Macular Thickness Changes in Glaucomatous Optic Neuropathy Detected Using Optical Coherence Tomography

Objective  To correlate macular thickness and retinal nerve fiber layer (RNFL) thickness in normal and glaucomatous eyes using optical coherence tomography.

Methods  Complete examination, automated achromatic perimetry, and optical coherence tomography of the peripapillary RNFL and macula were performed. Exclusion criteria were visual acuity of less than 20/40, diseases other than glaucoma, and unreliable automated achromatic perimetry. Macular thickness measurements were generated using 6 radial optical coherence tomographic scans (5.9 mm) centered on the fovea, and mean and quadrantic macular thickness values were calculated.

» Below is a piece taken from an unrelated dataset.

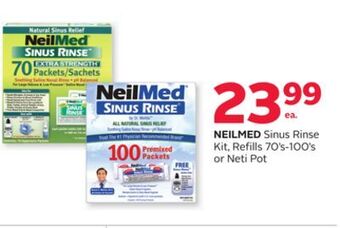 Rexall Neilmed sinus rinse kit, refills 70's-100's or neti pot offer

Results  Fifty-nine eyes of 59 patients (29 normal and 30 glaucomatous) were enrolled (mean ± SD age, 56.7 ± 20.3 years; range, 20-91 years). All eyes with glaucoma had associated visual field loss (mean ± SD mean defect, −8.4 ± 5.8 d B). Mean macular thickness was significantly associated with visual field mean defect (R² = 0.47; P<.001), pattern standard deviation(R² = 0.32; P<.001), and mean RNFL thickness (R² = 0.38; P<.001). In glaucomatous eyes with visual field loss localized to 1 hemifield (n = 11), mean ± SD macular thickness in the quadrant associated with the field defect (277 ± 28 µm) was significantly less (P = .005) than in the unaffected quadrant (286± 27 µm). Mean RNFL thickness in the affected quadrant (89 ± 53 µm) was significantly thinner (P = .009) than in the unaffected quadrant (121 ± 39 µm).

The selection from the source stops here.